S3c: Is there a difference between an API and a query language? Both are ways of interacting with a system, one using a formal language the other function calls (and I guess in most cases sending a query is also a function call).

S3d: Why do you consider all CEP-based stream reasoners to care about ontology axioms? Most CEP-engines don't. This is another example where the semantic web perspective is clear (which is fine, as long as it is made clear that the focus is on semantic web type reasoning, which it currently isn't).

S3e: There is no "ontology inference process" in the reference architecture. Why is one needed in all stream reasoners?

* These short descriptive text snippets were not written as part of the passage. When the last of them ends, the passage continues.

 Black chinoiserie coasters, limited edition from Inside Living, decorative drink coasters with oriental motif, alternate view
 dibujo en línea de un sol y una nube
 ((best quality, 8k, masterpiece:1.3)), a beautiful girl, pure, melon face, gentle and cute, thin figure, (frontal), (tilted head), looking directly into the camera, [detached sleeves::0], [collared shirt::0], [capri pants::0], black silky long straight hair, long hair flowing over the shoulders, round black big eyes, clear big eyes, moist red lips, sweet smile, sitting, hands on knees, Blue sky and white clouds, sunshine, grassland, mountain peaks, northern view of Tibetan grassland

S3f: How can the separation "safeguard" the complexity? Do you get a different total complexity if you split up the problem in two parts, or are you actually solving a different problem?

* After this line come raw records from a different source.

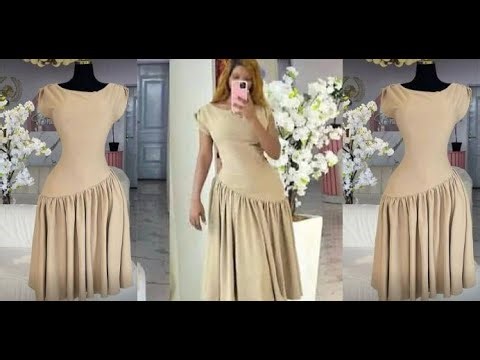 How to make this cut together slanted | asymmetrical Basque waistline dress | Detailed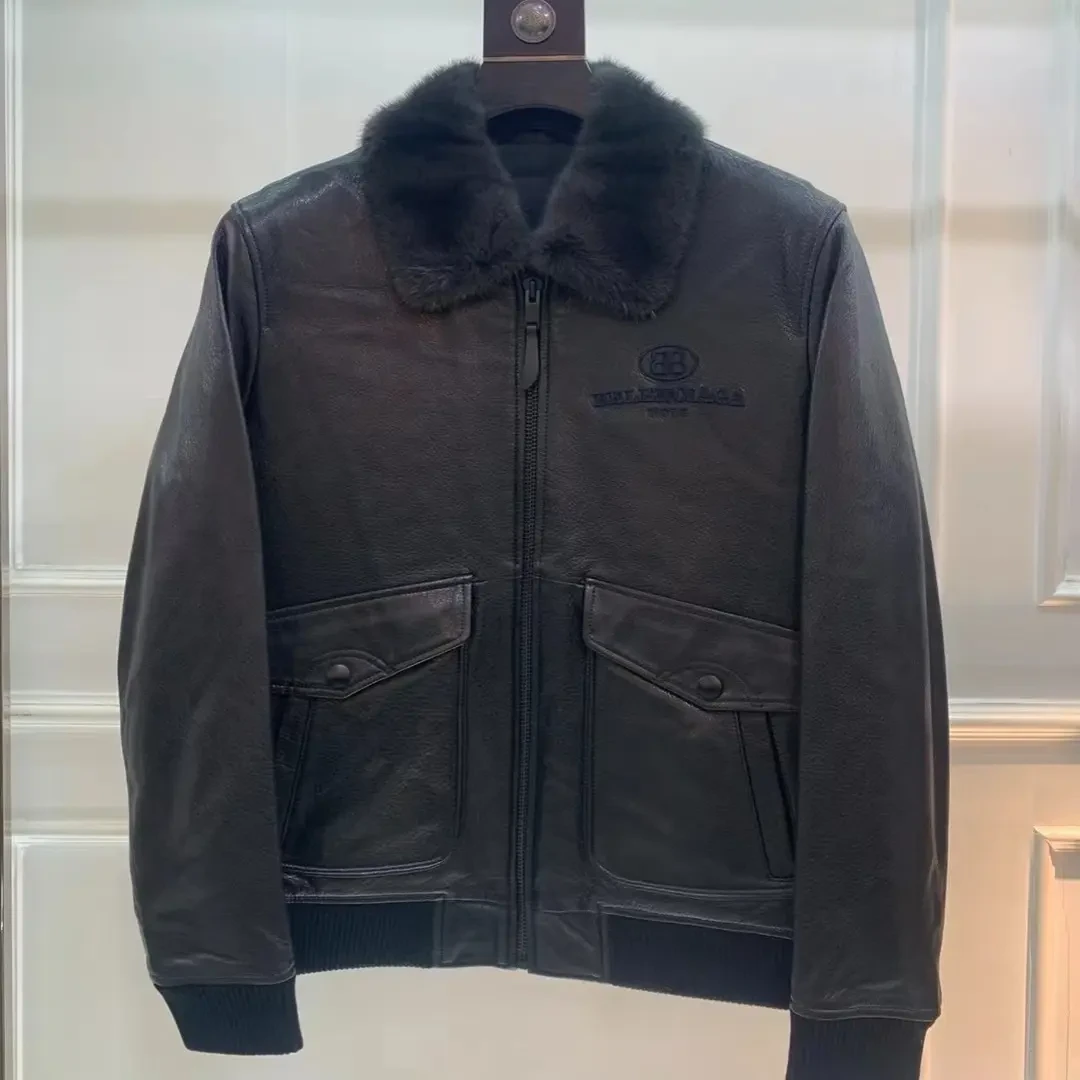 51717冬季美式复古貂毛领休闲绵羊皮男士皮羽绒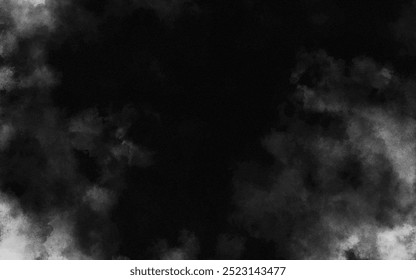 Abstract black and white realistic smoke clouds with shadow overlay effect background. Mystery dark background with spooky white light and fog. Vector illustration of smoky mist toxic vapor on floor.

S3g: How can a fact still be relevant if it is outside the window? By the semantics of a window only the information inside it matters. If the user had a different intention she should write a different query. The semantics of windows is well-defined, so nothing outside can be relevant (unless the semantics is incorrect).

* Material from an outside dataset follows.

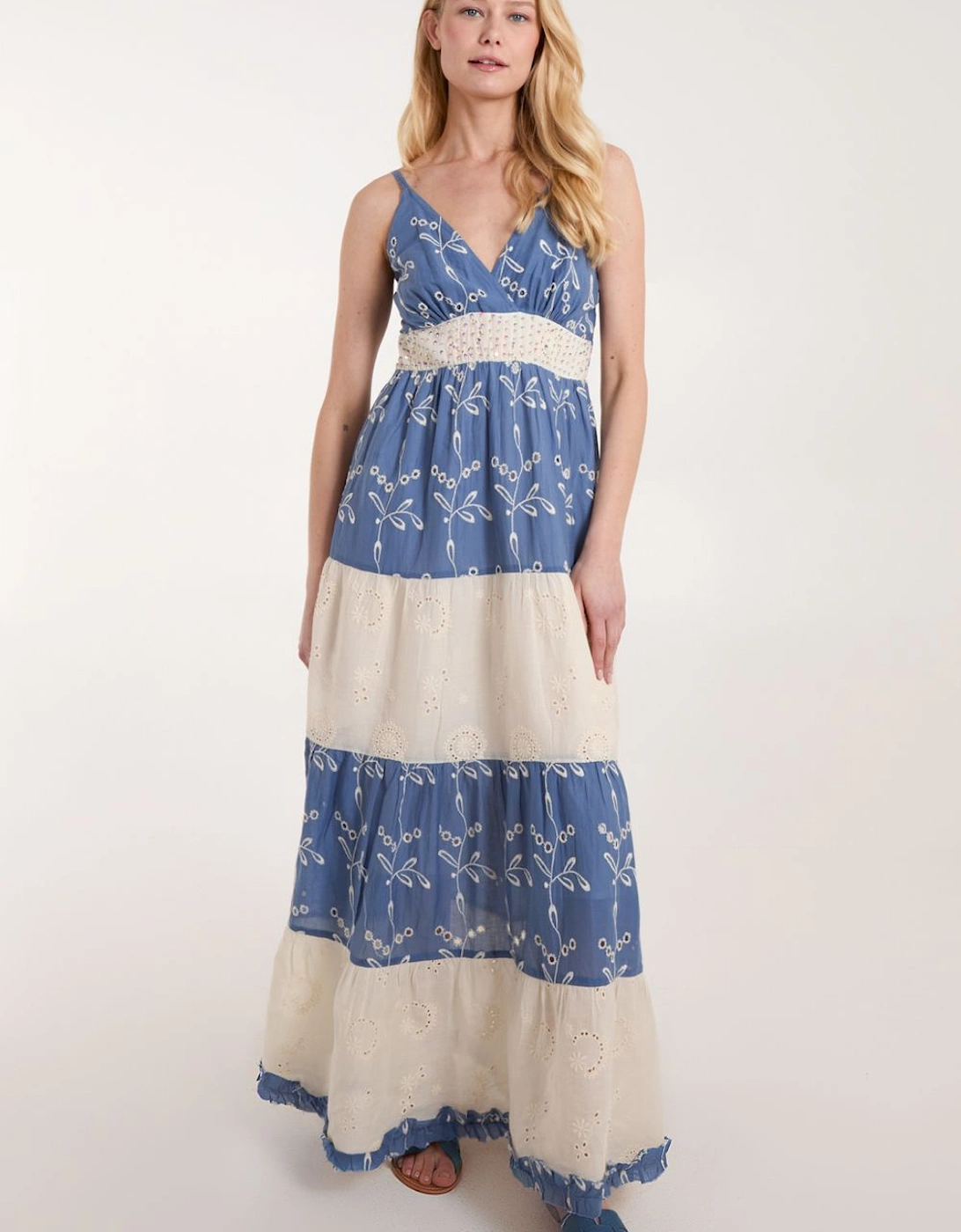 Embroidered Block Out Stripe Cami Dress, 2 of 1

S3h: How can the semantics of forgetting be more precise? A window is a precise definition of what information is relevant. Yes, there are queries which can not be expressed with windows, so there is definitely a need for other constructions to capture these. This would extend the formalism which would allow more expressive queries to be asked, but I'm not sure I consider that "improving the quality of the engine answers" since the initial answer was perfectly correct given its semantics.

S3i: In 3.2.1, why is OWL necessary?

S3j: In 3.2.2, what do you consider the model to be in stream reasoning? It is not clear to me. If you have a query for selecting some elements from a stream, what is the model?

S3k: In 3.3, yes this has been done. There are some papers on semantic streams such as FUSION'13, IROS'13, SCAI'15...
Daniel de Leng and Fredrik Heintz. Ontology-Based Introspection in Support of Stream Reasoning. Proc. SCAI 2015.
Daniel de Leng and Fredrik Heintz. Towards On-Demand Semantic Event Processing for Stream Reasoning. Proc. FUSION 2014.
Fredrik Heintz. Semantically Grounded Stream Reasoning Integrated with ROS. Proc. IROS 2013.
Fredrik Heintz and Daniel de Leng. Semantic Information Integration with Transformations for Stream Reasoning. FUSION 2013.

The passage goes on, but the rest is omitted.